Darkness had fallen as we left for Ramsgate. A routine journey, we imagined, enlivened by nothing more than the flagpoles in Parliament Square, erected, presumably, for the Royal Wedding (we hope the veteran peace campaigner Brian Haw has been invited, as it takes place on his front lawn). But then came the Embankment, where we saw the moon. It was enormous.
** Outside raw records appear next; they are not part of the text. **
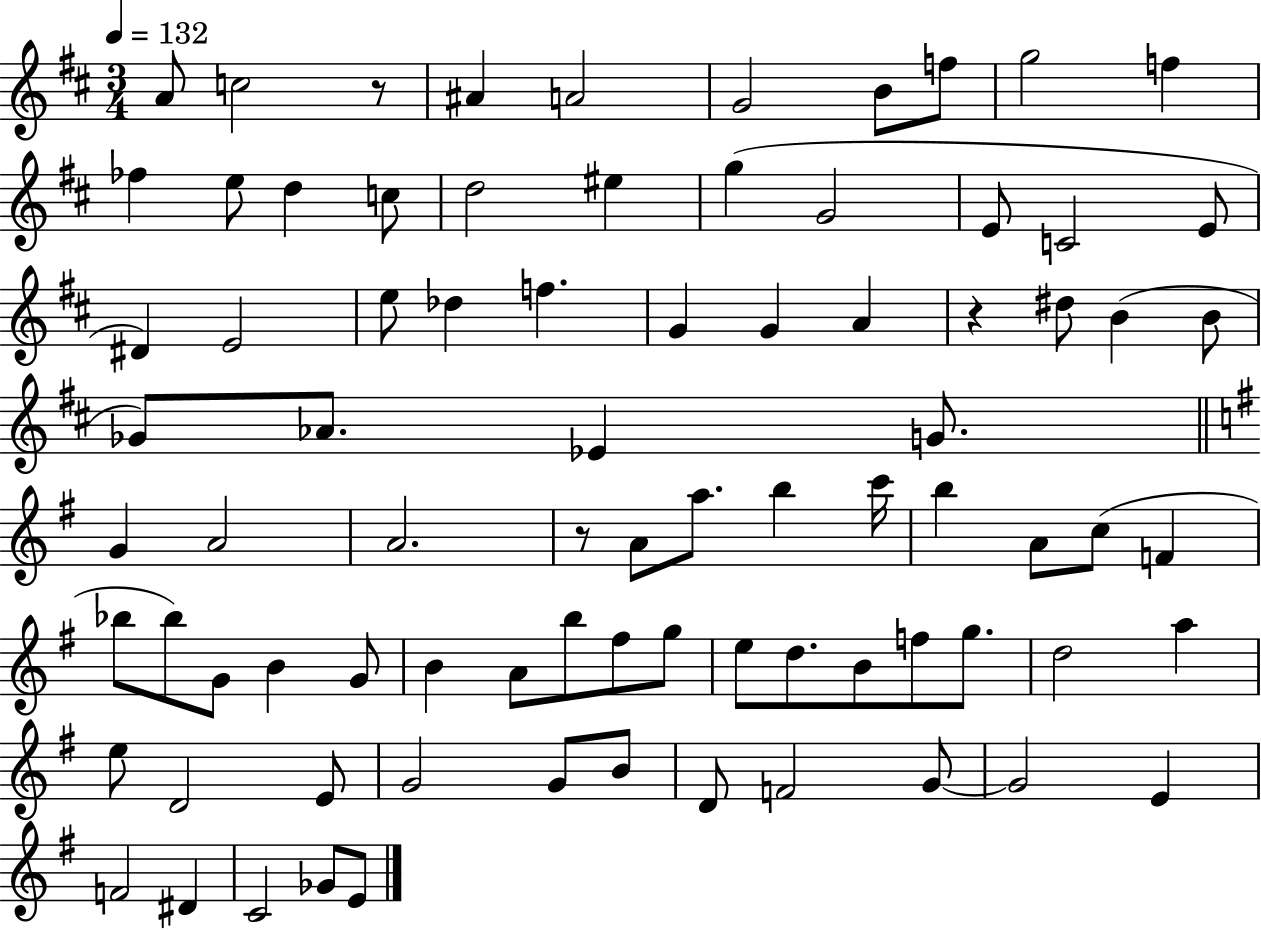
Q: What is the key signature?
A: D major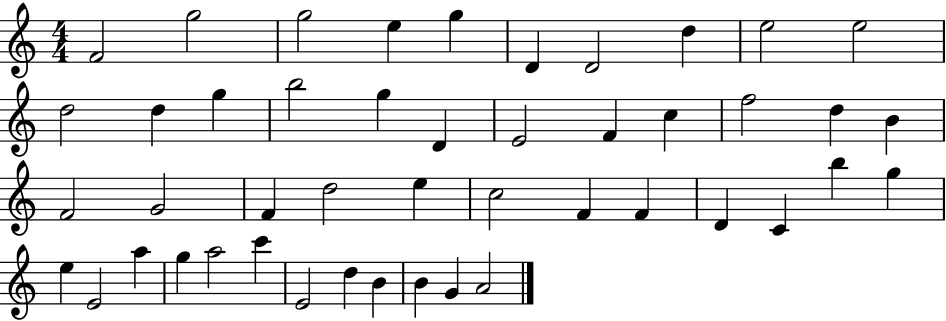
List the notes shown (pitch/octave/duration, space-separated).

F4/h G5/h G5/h E5/q G5/q D4/q D4/h D5/q E5/h E5/h D5/h D5/q G5/q B5/h G5/q D4/q E4/h F4/q C5/q F5/h D5/q B4/q F4/h G4/h F4/q D5/h E5/q C5/h F4/q F4/q D4/q C4/q B5/q G5/q E5/q E4/h A5/q G5/q A5/h C6/q E4/h D5/q B4/q B4/q G4/q A4/h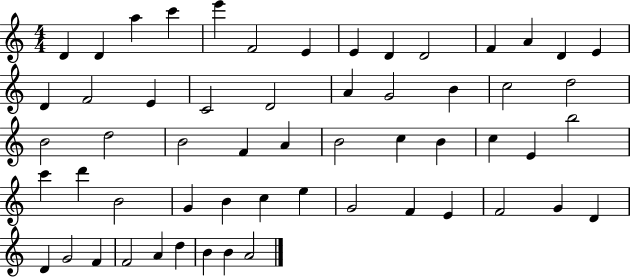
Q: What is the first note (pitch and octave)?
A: D4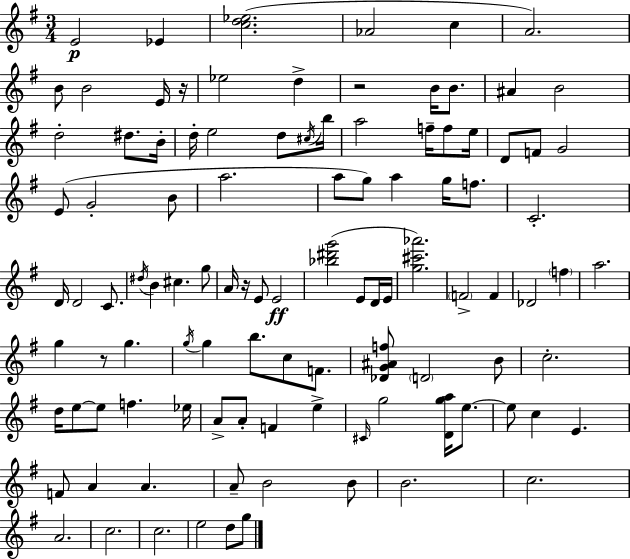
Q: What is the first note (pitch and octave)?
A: E4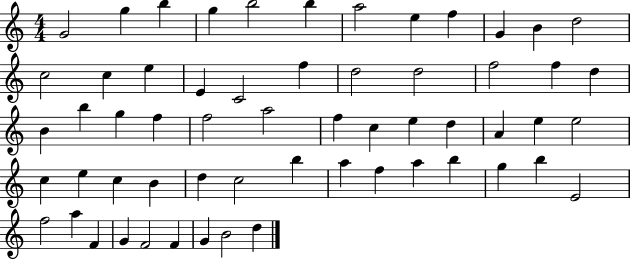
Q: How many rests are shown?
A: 0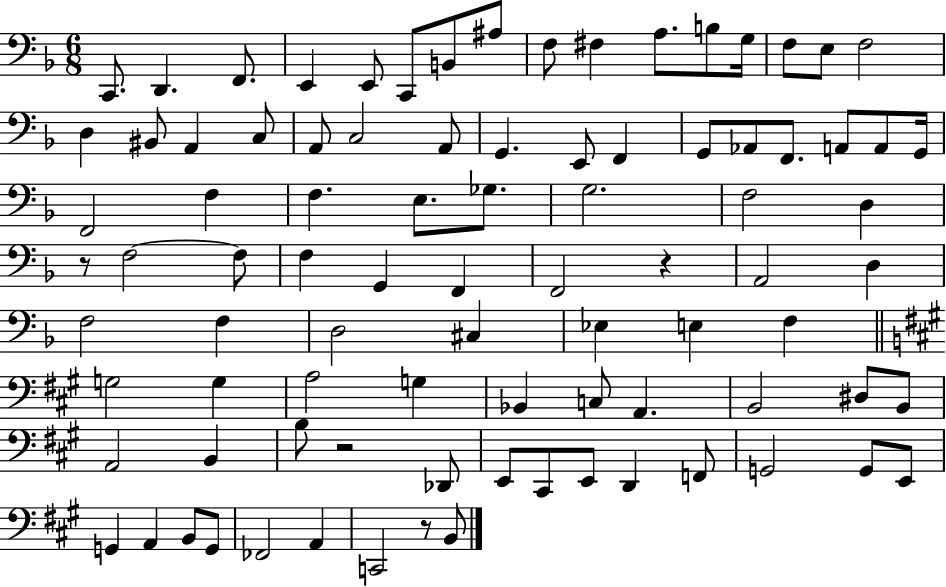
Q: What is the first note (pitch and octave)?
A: C2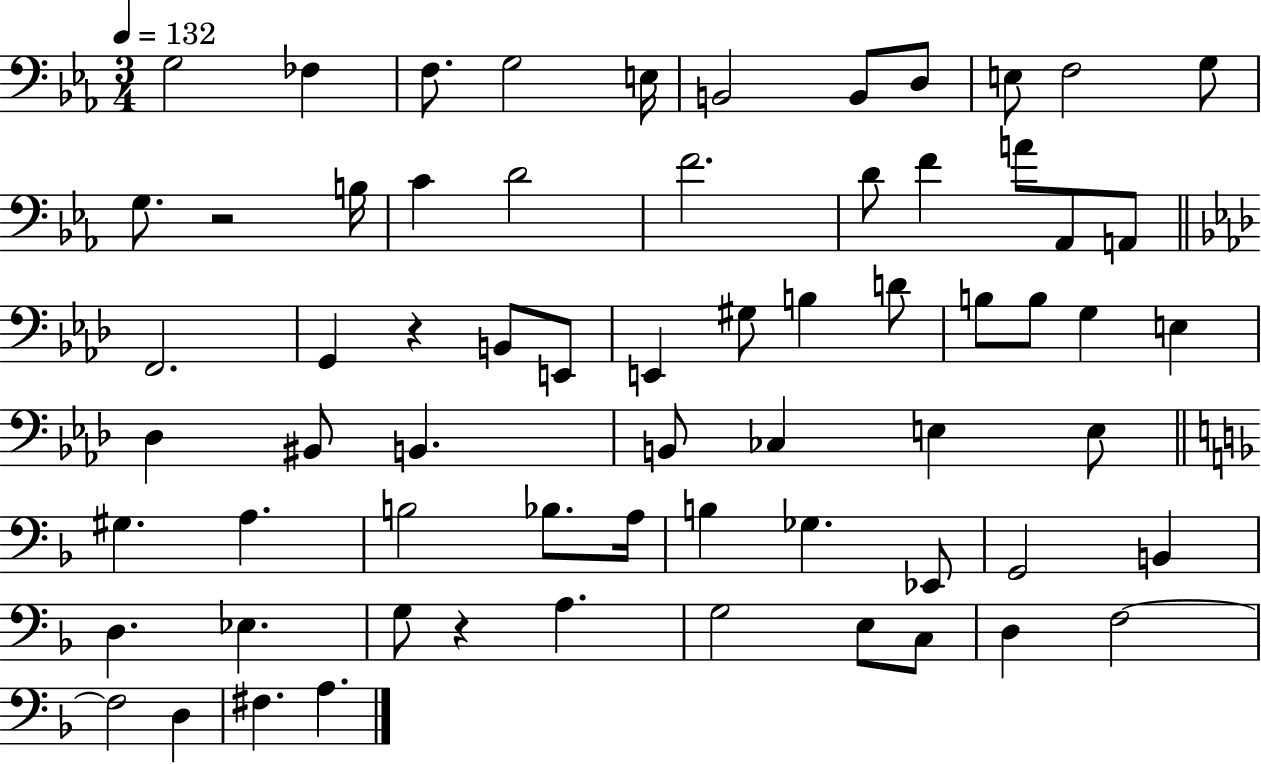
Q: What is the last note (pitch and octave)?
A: A3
Just over the horizon, it dwarfed the buildings over which it loomed, and yet, in its pallid brilliance, seemed to be part of the illuminations, hanging like a paper lantern between the circle of the London Eye and the Hayward Gallery’s Neon Tower. A view that one might pass without comment became a Tivoli Gardens of enchantment. The moon came with us as we passed the blockhouse of the National Theatre, bathed by coloured lights. The red nought and crosses of the Oxo Tower, the stick-in-a-bottle skeleton of the Shard… London had become a fairyland.

Higher when we reached Thanet, the moon spread a silver cloak over Pegwell Bay. Next day, we made the return journey into the setting sun, pulling down the sun visors until the blazing disk became veiled by cloud. It sank like Isadora Duncan, trailing coloured scarves. Ying had followed yang: we reached home in a state of cosmic balance.